This collection of eight essays, originally presented to a seminar in Oxford in 1988, is a delight, and an instructive one. After the editor’s of “Greek and Latin in Antonine Literature,” it includes papers by C.B.R. Pelling on truth and fiction in Plutarch’s Lives, E.L. Bowie on Greek poetry under the Antonines, Graham Anderson on the second sophistic, H.G. Nesselrath on Lucian’s introductions, M.B. Trapp on Plato’s Phaedrus in the Greek literature of the age, E.J. Kenney on the Cupid and Psyche episode in Apuleius, and the editor again on Aristides. The papers are scholarly but lively and almost always original.
Three features distinguish this collection. First, the synoptic embrace of Greek and Latin in the literary history of a single period. The handbook and survey tradition of writing about Greek Literature and Latin Literature as though they were two different things is perplexing and disruptive.
Second, the attention given by several contributors, but specially by Trapp on the Phaedrus, not only to the new texts being written in the period but to the texts that were being read with most attention and to how they were being read. For us, trapped under a waterfall of current publications, the past is deader than it was for the ancients, for whom Homer and Plato and a few others retained a vital currency at almost all periods. Trapp’s essay focuses on a few passages in a few authors (e.g., Dio, ps.-Lucian, Aristides) to evoke the way in which the Phaedrus was being read and still informing and shaping the way its readers were writing themselves; so he speaks (166) of Aristides’ “cheeky and self-assertive reuse of the Phaedrus in support of his own values and pieties as a sophist”—and to capture that chutzpah is to identify something very characteristic of the second century.
Third, the essays are clearly marked by the personalities and inclinations of the authors.

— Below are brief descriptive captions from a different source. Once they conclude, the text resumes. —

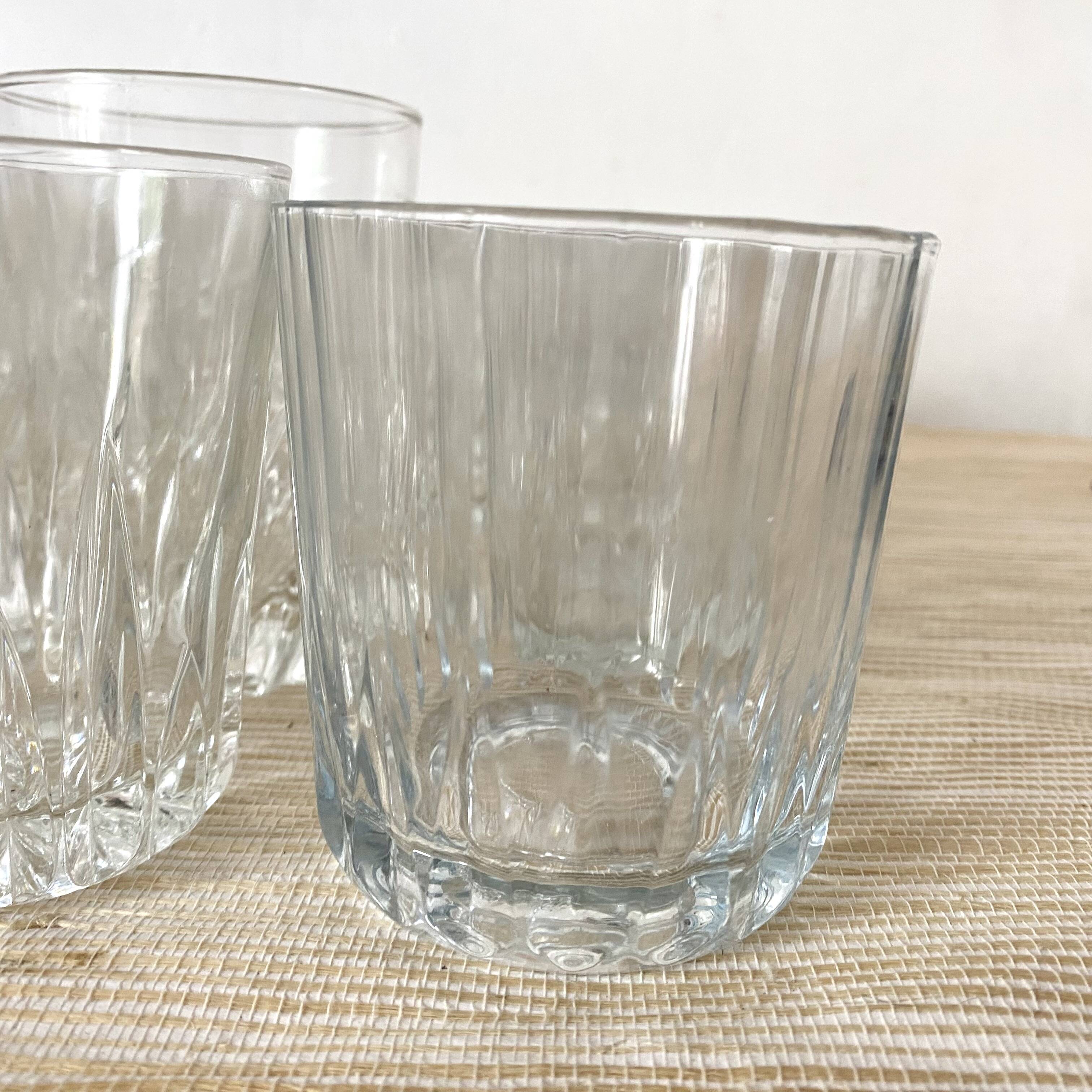 Whiskey glasses, mismatched water glasses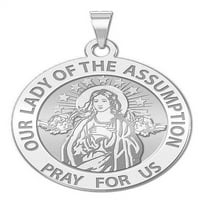 Gospa od pretpostavke vjerska medalja veličine dimea, srebra sterlinga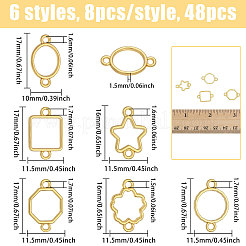48 Stück 6 Stile Zinklegierung offene Rückseite Lünette Verbinder Charms&nbsp;FIND-CA0011-23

At no point did anyone have the bad idea of cajoling this group of scholars into writing a collection of articles that would authoritatively survey the whole of Antonine literature and thus elbow its way into the libraries as an apparently indispensable work of reference and guidance. This is not the sort of book from which to expect the exhaustiveness of a Schanz-Hosius, 1 but it is an excellent book to stand beside the forbidding black spine of the Handbuch as a guide and stimulant. There are authors and works that this book does not cover; but the student and the scholar will learn more of Antonine literature and be stimulated to think harder and perhaps even to read more widely in the literature itself by this collection than by many an outwardly weightier and more ambitious tome.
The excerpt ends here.